On Sat, Mar 29, 2025 at 11:02:46PM +0800, Zheng Yuting wrote:
> ## Name and Contact Information
> 
> - Full Name: Zheng Yuting
> - Email Address: 05ZYT30@xxxxxxxxx
> - Time Zone: UTC +8:00
> 
> ---
> 
> ## Abstract
> 
> The current Git reference management functionality is fragmented across
> multiple independent commands (git-show-ref, git-for-each-ref,
> git-update-ref, git-pack-refs, git-check-ref-format, and
> git-symbolic-ref), leading to code redundancy and increased maintenance
> costs. Based on Patrick Steinhardt’s integration vision[1], this project
> aims to introduce 8 new subcommands (list, exists, show, resolve, pack,
> update, delete, check-format) under the existing git-refs command to
> achieve the following objectives:

I have a couple of opinions on the exact naming of the subcommands, more
on that below.

In any case, I don't think the naming and how exactly each of these
commands should look and work like needs to be hashed out in this
document. It's nice to scope out _what_ we want to achieve and propose
how this could look like, but ultimately I think that most of the design
should happen during the project itself.

> - Feature Integration: Consolidate existing reference management
>   commands under git-refs, while maintaining backward compatibility.
> - Feature Enhancement: Introduce recursion depth control for git-refs
>   resolve.
> - Testing & Documentation: Add test cases ensuring consistency and
>   update relevant documentation.
> 
> ---
> 
> ## Implementation Plan
> 
> ### Command Integration Strategy
> 
> #### Design Goals
> 
> The project will unify scattered reference management functionalities
> under the git-refs subcommand framework, ensuring:
> 
> 1. Complete Feature Coverage: Each subcommand fully replaces its
>    corresponding legacy command.
> 2. Parameter Compatibility: Preserve the semantics and output behavior
>    of legacy command options.

This one is something that is up for debate. While I do expect that most
of the commands should remain current semantics and options, we could
also use this as an opportunity to think whether there are any issues
with the current design and improve upon it.

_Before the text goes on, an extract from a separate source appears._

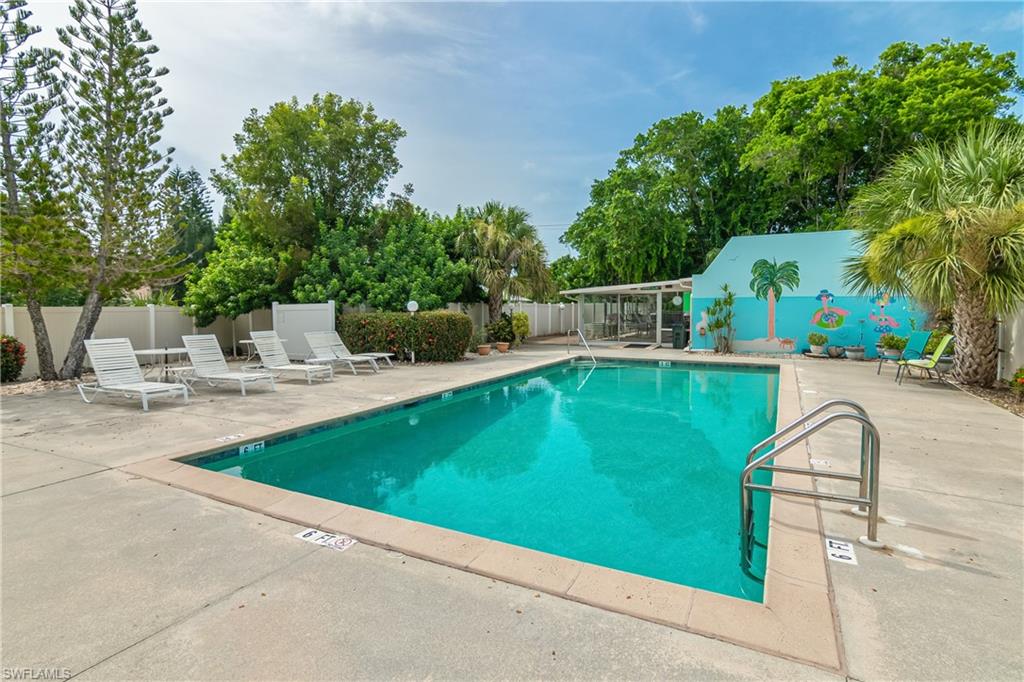 FLAMINGO VILLAGE - Residential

> 3. Code Reusability: Minimize redundancy by sharing underlying modules
>    (e.g., refs/files-backend.c).
> 
> #### Subcommand Mapping
> 
> - git-refs list
>   Replaces git-show-ref and git-for-each-ref, merging reference listing
>   functionalities with support for formatting (--format), filtering
>   (--heads, --tags), and sorting (--sort).

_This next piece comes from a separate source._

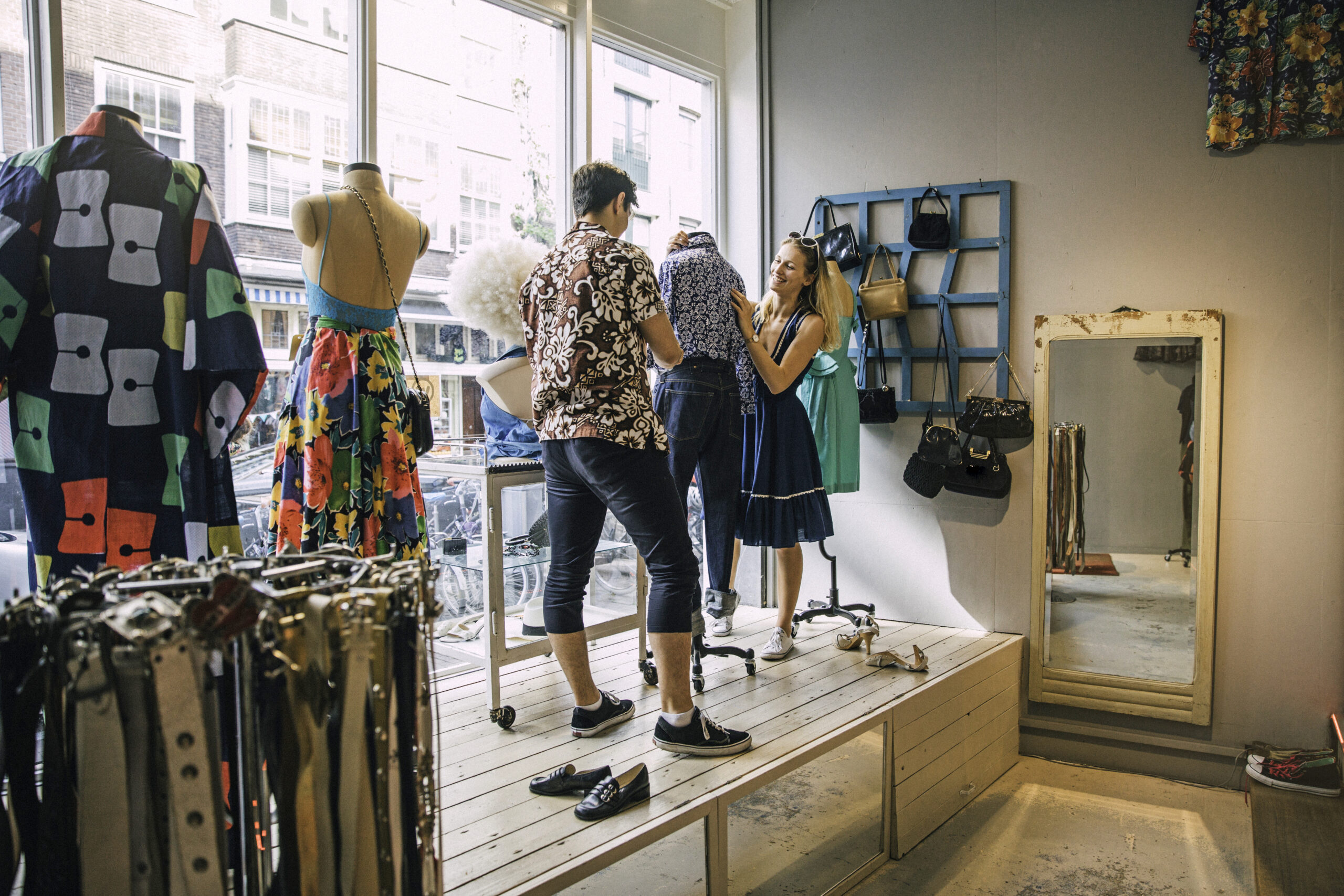 Was Verdient Man Als Gestalter Für Visuelles Marketing GESTALTER:IN FÜR VISUELLES MARKETING - geht los!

Yup. One thing to note is that git-show-ref(1) and git-for-each-ref(1)
are very similar, but not quite the same. One should find good arguments
which of the two semantics are preferable to us and why that is.

For example, git-show-ref(1) outperforms git-for-each-ref(1) due to the
default format:

    Benchmark 1: git show-ref
      Time (mean ± σ):      99.0 ms ±   0.5 ms    [User: 55.6 ms, System: 43.0 ms]
      Range (min … max):    98.0 ms … 100.8 ms    100 runs

    Benchmark 2: git for-each-ref
      Time (mean ± σ):     134.0 ms ±   0.6 ms    [User: 82.3 ms, System: 50.8 ms]
      Range (min … max):   132.7 ms … 135.8 ms    100 runs

    Summary
      git show-ref ran
        1.35 ± 0.01 times faster than git for-each-ref

> - git-refs exists
>   Replaces git-show-ref --exists, providing reference existence checks
>   with positive (<ref>) and exclusion-based (--exclude-existing)
>   verification.

I'm not quite clear what exclusion-based existence checks is. How do you
check whether something exists when you exclude it? I don't think that
this option is relevant in the context of `git refs exists`.

> - git-refs show
>   Replaces git-show-ref --verify, validating reference correctness with
>   a strict mode (--strict).

Yup. In contrast to `git refs resolve` this command shouldn't resolve
the ref, but directly show what it's pointing to. And this should be
true for both symbolic and normal refs.

> - git-refs resolve
>   Replaces git-symbolic-ref, resolving symbolic references with added
>   recursion depth control (--max-depth), while retaining deletion (-d)
>   and quiet mode (-q) options.

Not quite. The difference to `git refs show` is that this command always
resolves the ref to an object. So it's rather more similar to `git
rev-parse --verify`, except that it only ever handles references.

> - git-refs pack
>   Replaces git-pack-refs, packing loose references with support for
>   filtering (--include, --exclude) and automatic cleanup (--prune).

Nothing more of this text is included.